A string of bombings, rocket attacks and assassination attempts has brought the Syrian civil war into Hizballah's Lebanese stronghold.
Hizballah has found itself unable to keep Syria's rebel factions from attacking its assets deep inside Lebanon. The group became subject to reprisals ever since it began fighting alongside forces loyal to Syrian President Bashar al-Assad earlier this year.
The terror group's activities helped turn the tide in al-Assad's favor and was instrumental in helping government troops seize the strategic town of Qusayr last month.
Syrian rebels hit the terror group earlier this month in its bastion of Dahiyeh, a suburb located south of Beirut, injuring more than 50 people.
Amin Hoteit, a former Lebanese army officer close to Hizballah told the BBC that the attack revealed the weakness of the Syrian rebels and their inability to win on the battlefield.
Hizballah convoys on their way to Syria have occasionally been hit by roadside bombs, including one last week
"These attacks will not inflict a lot of harm on Hizballah but they will keep it on its toes," Hoteit said. "These tactics aim to disperse Hizballah's capacities and to force it to stay on high alert, therefore, to exhaust its forces and distract it from achieving other plans."
In addition to being militarily involved in Syria, Hizballah faces deep sectarian divides within Lebanon. Rebel groups threaten to bring the war into Lebanon, which suffered its own brutal civil war between 1975 and 1990.
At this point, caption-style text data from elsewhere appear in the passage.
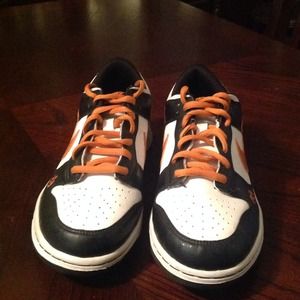 Reduced!!NIKE KIDS BLACK/WHITE/ORANGE GENTLY WORN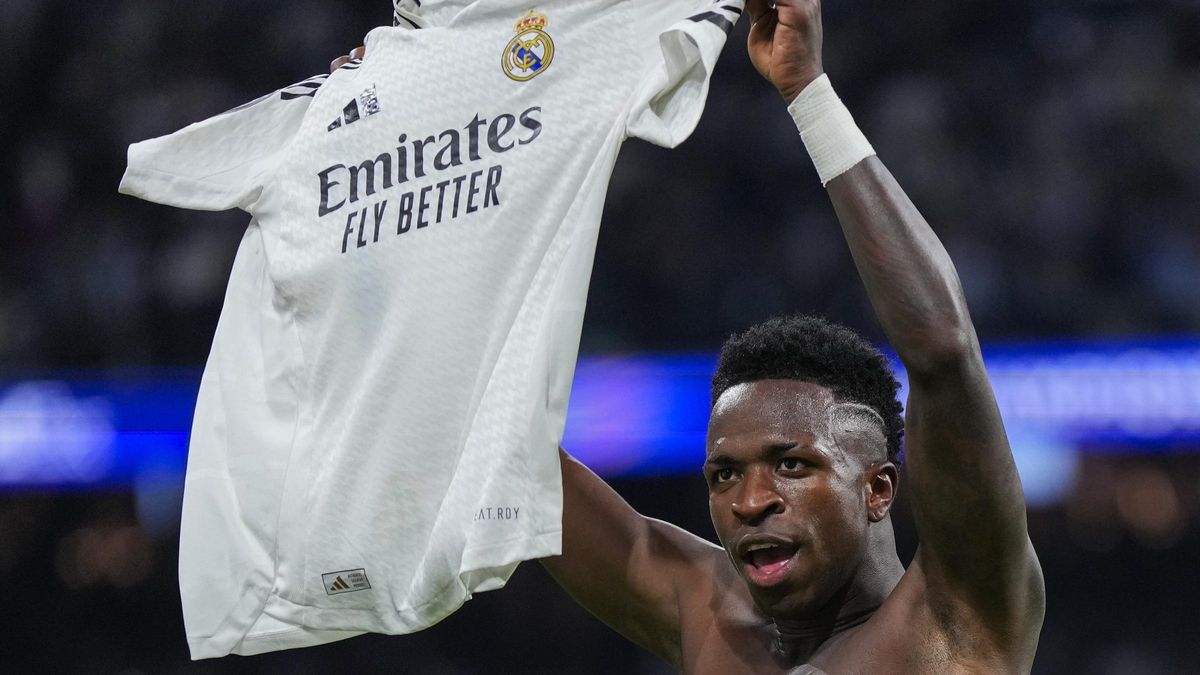 أنشيلوتي يتحدث عن قيادة فينيسيوس لريال مدريد قبل الكلاسيكو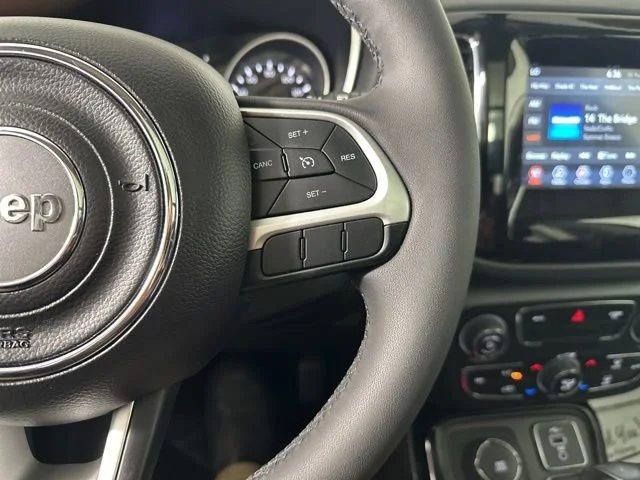 Used 2021 Black Jeep Altitude image 12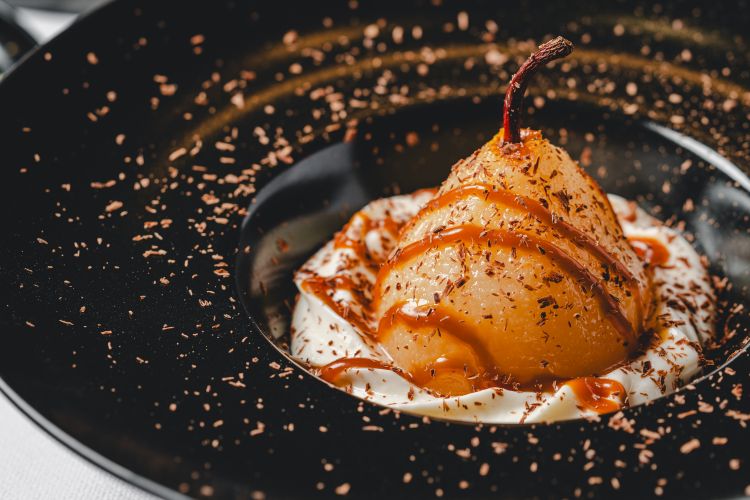 Mousse di ricotta mista, pere, caramello salato e una grattugiata di cioccolato fondente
"Hizballah brought it on itself," Wehbe Qaticha, a military expert close to the opposition March 14 coalition, told the BBC. "Hizballah's intervention in Syria is an Iranian decision to comment on the issue."
The rebel Free Syrian Army initially threatened to target Hizballah in Lebanon back in February, before the Shiite terrorist group admitted that it was fighting alongside the Assad forces. A related group, the Syrian National Council, issued a statement Tuesday calling for Hizballah's leaders to be put on trial for crimes it may have committed in Syria.
Hizballah's involvement in Syria was among the reasons that the European Union decided to blacklist the group this week.